§ What to do
Exactly as they stand, repeat the lines from the one containing "The best part?" through the final line of the listing, both ends included, and nothing else; skip the pictures.

§ Dataset extract
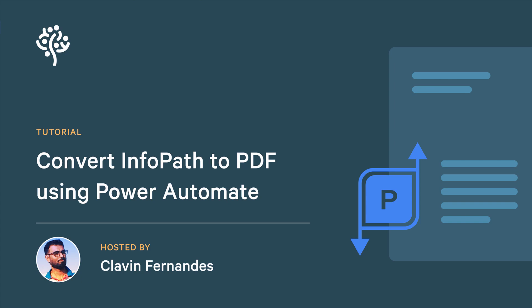Hello everyone and a very warm welcome. In this tutorial we are going to convert InfoPath forms to PDF using Power Automate.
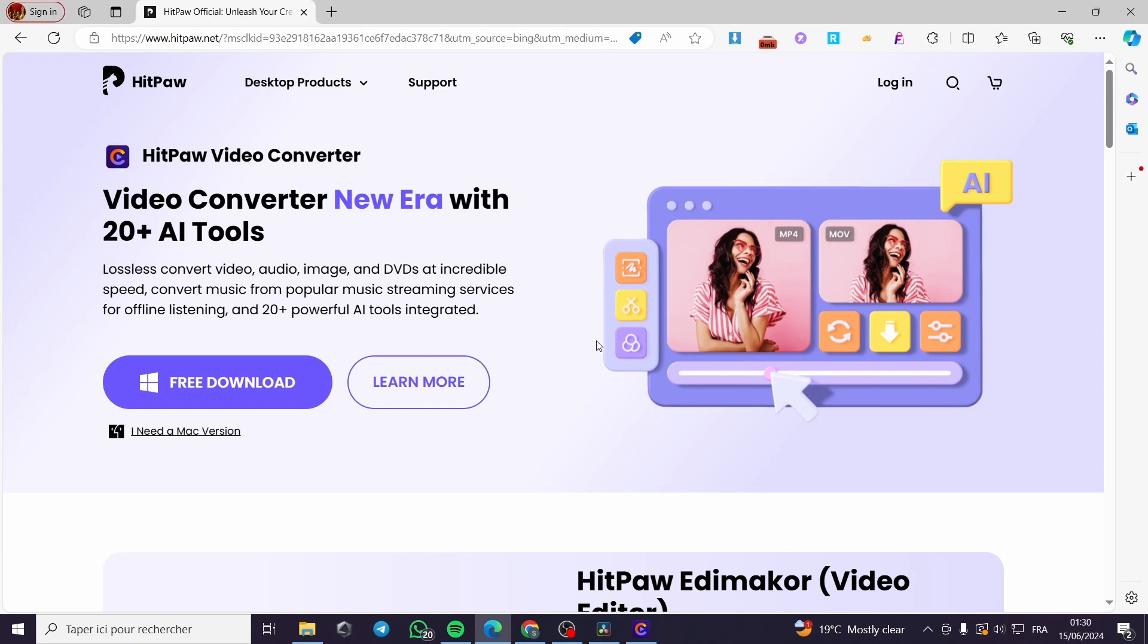We are going to gain some time and also some space. Here I am going to use HitPaw Video Converter. This is a video converter that will allow you to select a video.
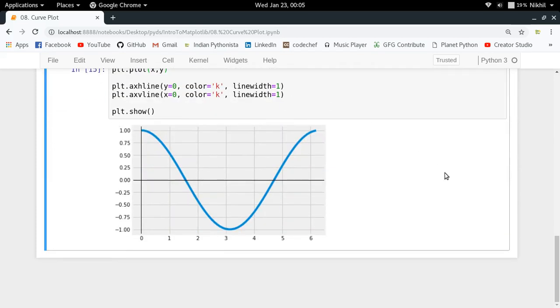So this is all about curve plotting. If you still have doubts, you can put them in the comment section below. That's it from this video, thanks for watching.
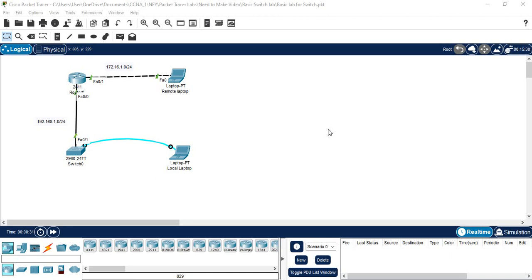In this class we are going to discuss how we can configure the switch. We are going to do the basic configuration — how we can configure Telnet, how we can assign the IP address to the switch, and how we can change the name of the switch. I have one router and one switch, and we are going to configure the basic setup of the switch. I am using model 2960.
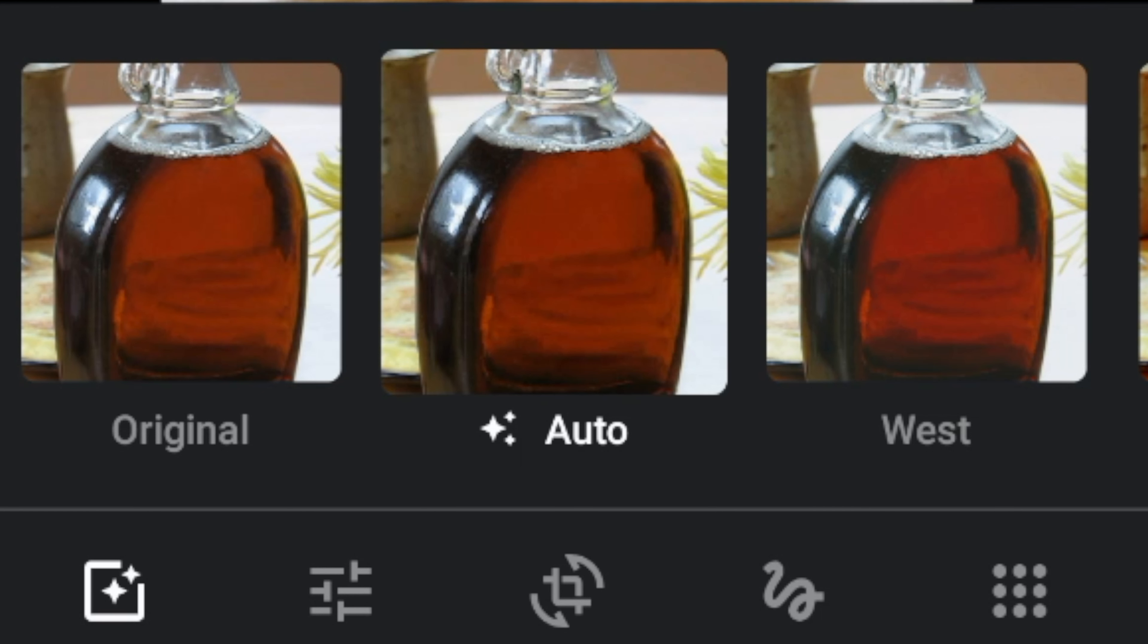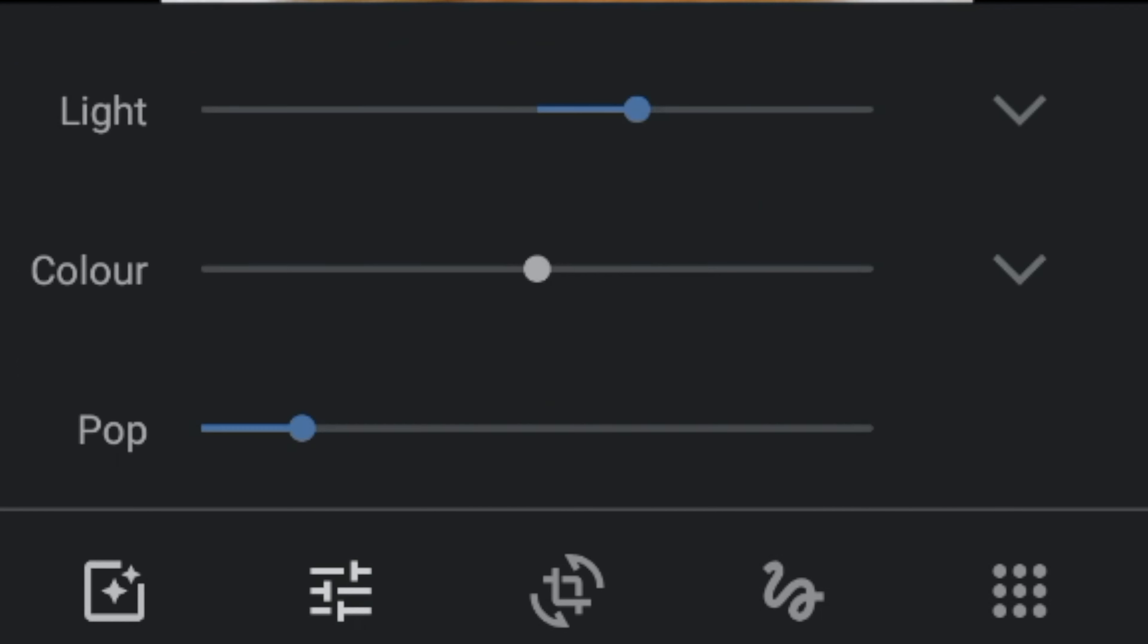To manually change lighting, color, or add effects, tap edit. For more options, tap the down arrow.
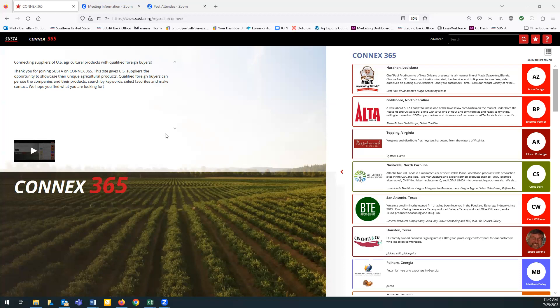The best part? These U.S. companies are either already exporting or they're interested in exporting.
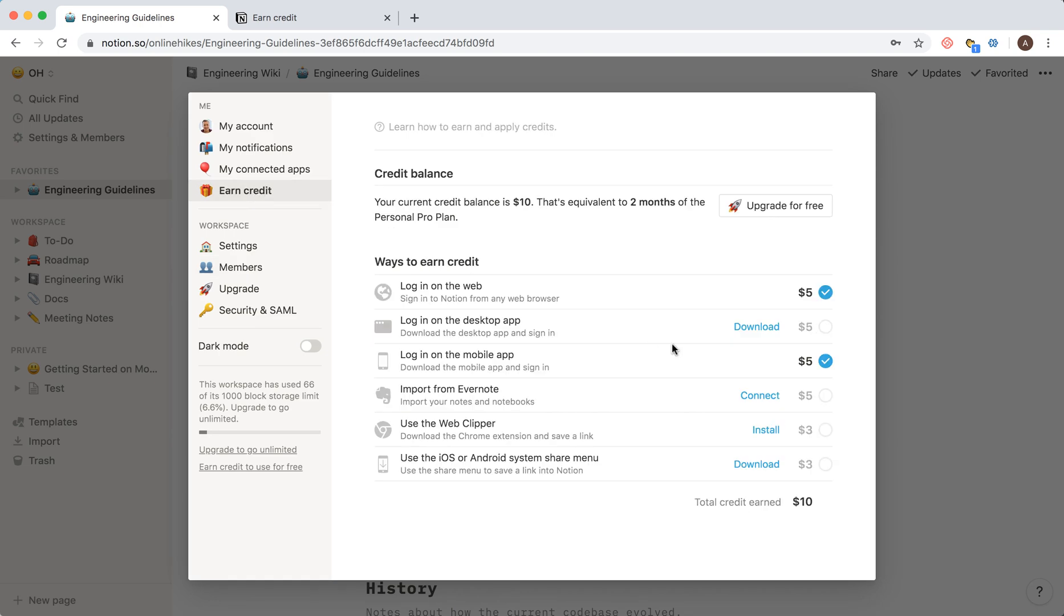There are a few ways. If you just log in on the web you earn five bucks, if you're logging on a mobile app same, if you just use the web clipper.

§ Reply
The best part? These U.S. companies are either already exporting or they're interested in exporting.
There are a few ways. If you just log in on the web you earn five bucks, if you're logging on a mobile app same, if you just use the web clipper.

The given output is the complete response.